Operations Security or OPSEC is an analytical process used to deny or delay adversaries access to Sandia National Laboratories’ (Sandia) critical information. OPSEC is not just a program—it supplements security disciplines.
OPSEC
- Provides tools and resources to identify and protect critical information.
- Where appropriate, provides guidance on OPSEC measures to protect information from inadvertent release or intentional disclosure.

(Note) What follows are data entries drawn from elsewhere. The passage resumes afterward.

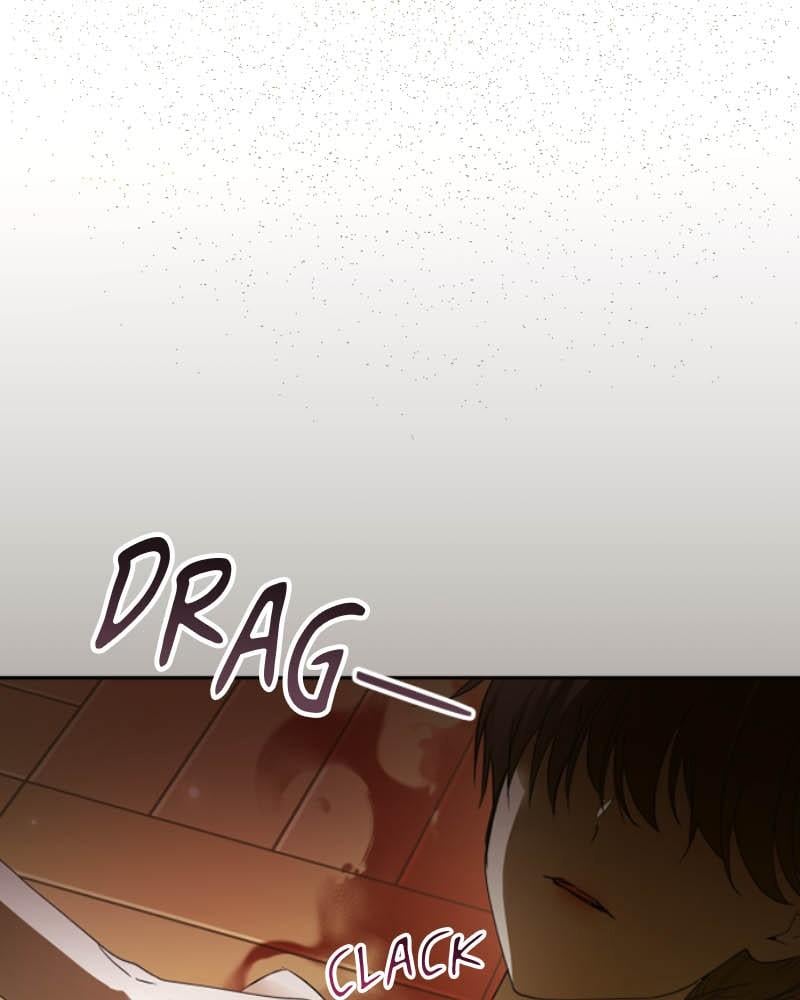 Your Throne chapter 210 page 5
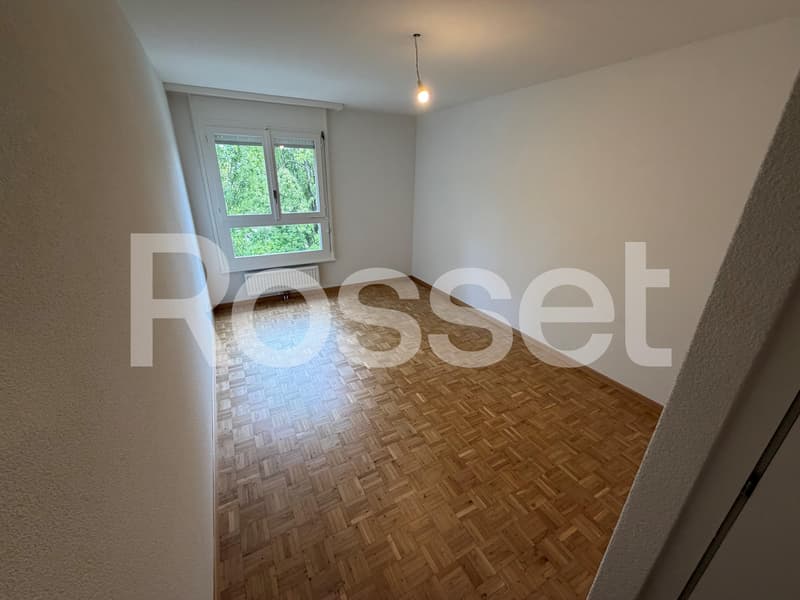 Appartement de 4 pièces au 5ème étage (7)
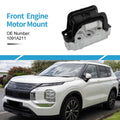 Engine Motor Mount for Mitsubishi Outlander (2014–2020)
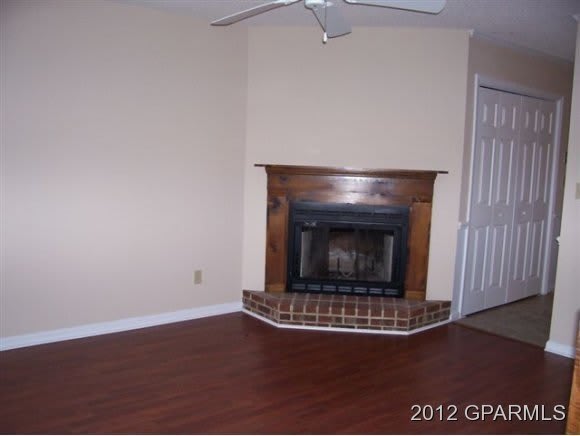 1113 Grovemont Drive – photo 2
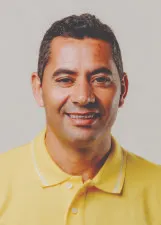 MARCOS AURELIO DIAS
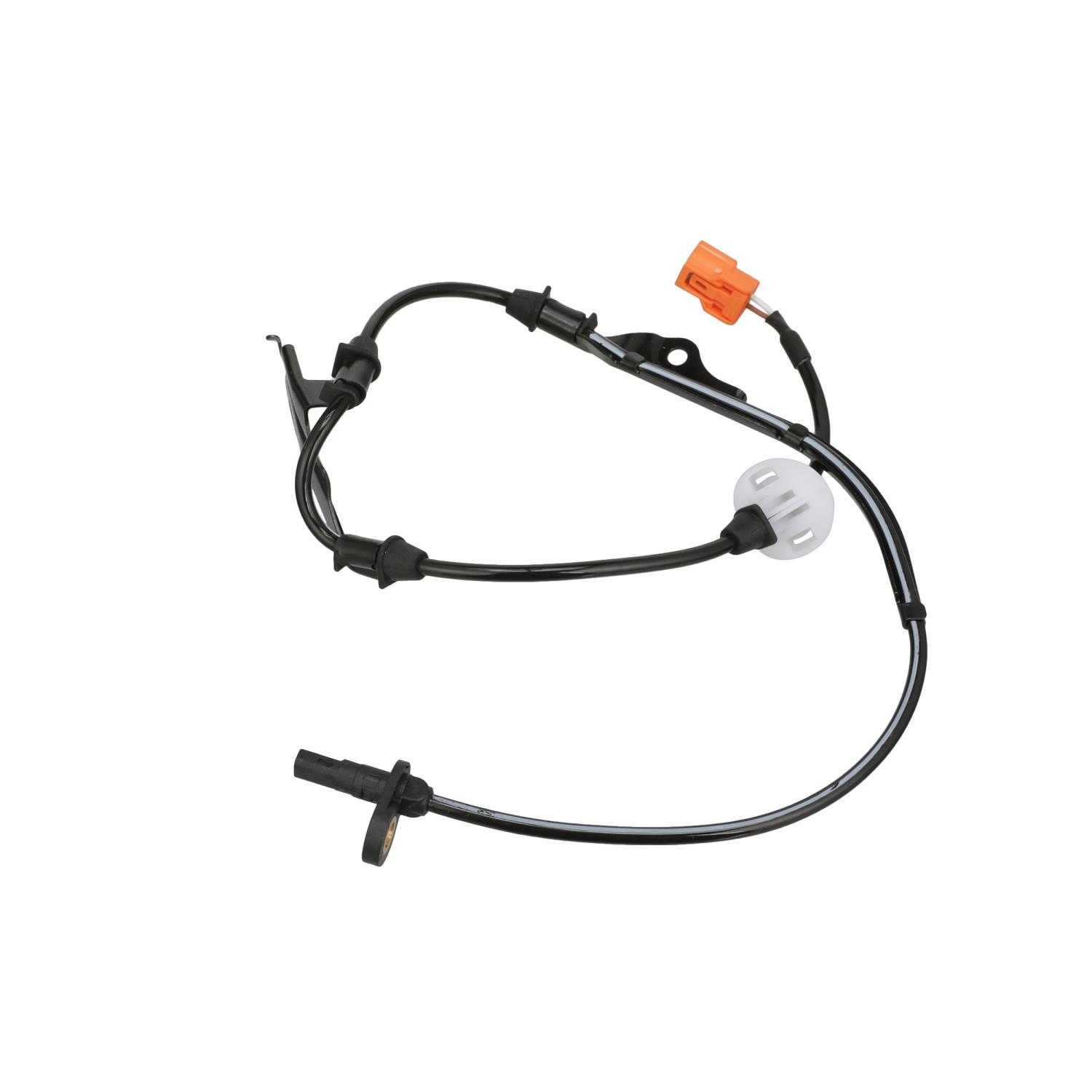 Standard Motor Products ALS1082 - ABS Wheel Speed Sensor Standard Motor Products ALS1082 ABS Wheel Speed Sensor product image 1 of 4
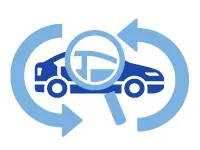 cambio de servicio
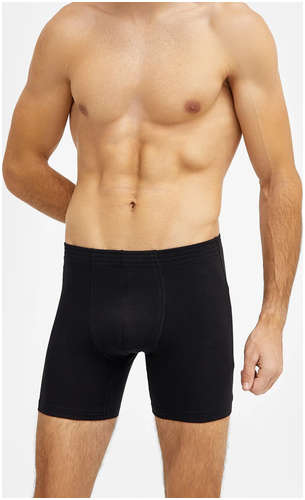 Трусы мужские Mark Formelle 103209737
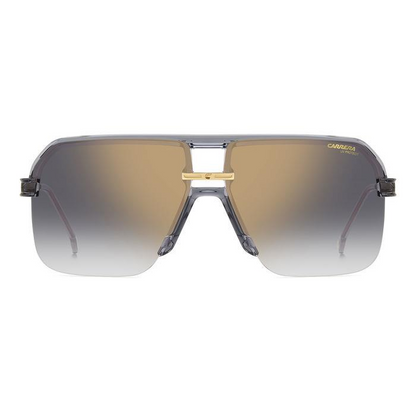 GAFAS DE SOL CARRERA CARRERA 1066/S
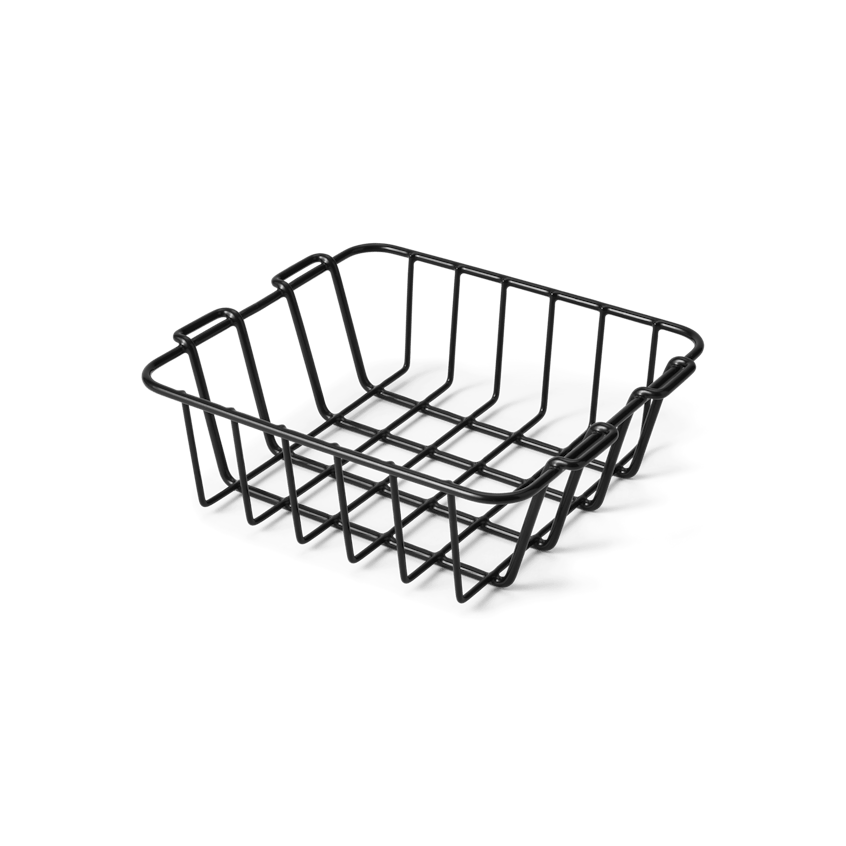 YETI® Tundra 125 - White (IN STORE PICKUP ONLY)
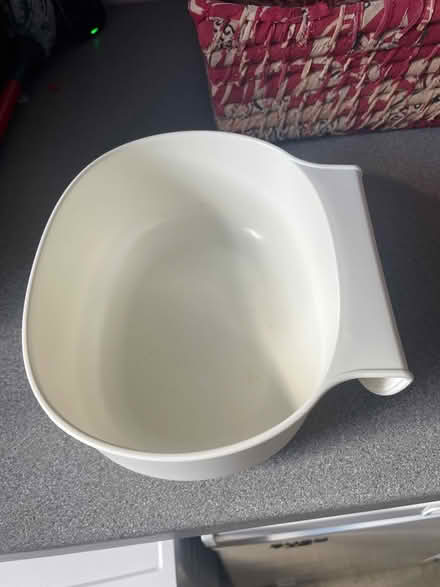 Photo of free IKEA container (Abingdon OX14) #1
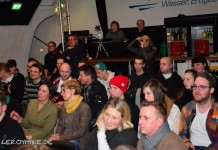 Your Stage Talentshow im Kulturkeller Weitere Bilder von mir findet ihr unter www.shooting-star.eu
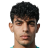 طارق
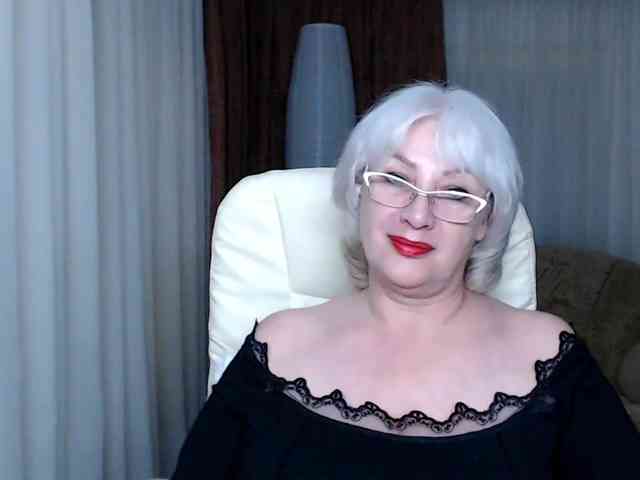 Tashyncik webcam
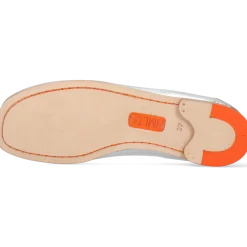 Melvin & Hamilton Thea 3 Argent Discount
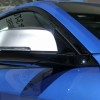 BMW-M135i-F21-AMI-2012-27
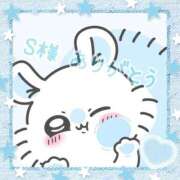 ヒメ日記 2025/03/26 08:45 投稿 つばさ 逆バニーメンズエステ とろとろオイルSPA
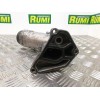 Recambio de enfriador aceite motor para bmw serie 3 berlina (e46) 320d referencia OEM IAM 7787072  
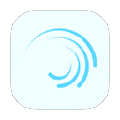 Alemon官方正版vPreview7.5 4.3.4.3019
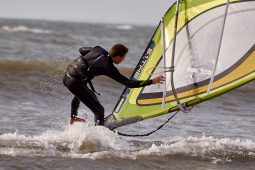 Inconnu, Inconnu403, Sport, Windsurf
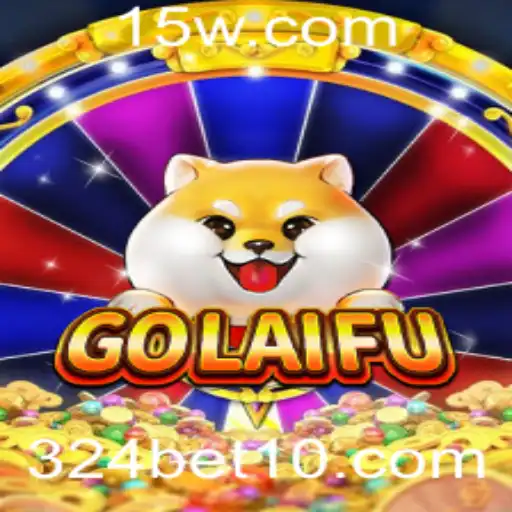 Descubra o Fascinante Mundo de GoLaiFu: Uma Viagem pelo Jogo de Estratégia e Sorte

- Assists leadership in making OPSEC risk-management-based decisions.
The OPSEC Process
- Apply threat
- Identify critical information
- Analyze vulnerabilities
- Assess the risk
- Apply countermeasures
- Assess Effectiveness
OPSEC Practices
- Properly handle and destroy sensitive and critical unclassified information
- Maintain situational awareness when conducting activities
- Use the most secure means of communicating
- Guard against unsolicited inquiries to obtain sensitive and/or critical information
- Observe need-to-know and lawful government purpose principles
- Be mindful of what applications you install
- Be adversary aware, the threat is real
OPSEC Simplified
Three Steps: Think. Assess. Protect.
- Think about the information you need to protect and the adversaries who want it.
- Assess the ways they can acquire the information and risk to the mission if it is compromised.
- Protect the information by implementing appropriate countermeasures.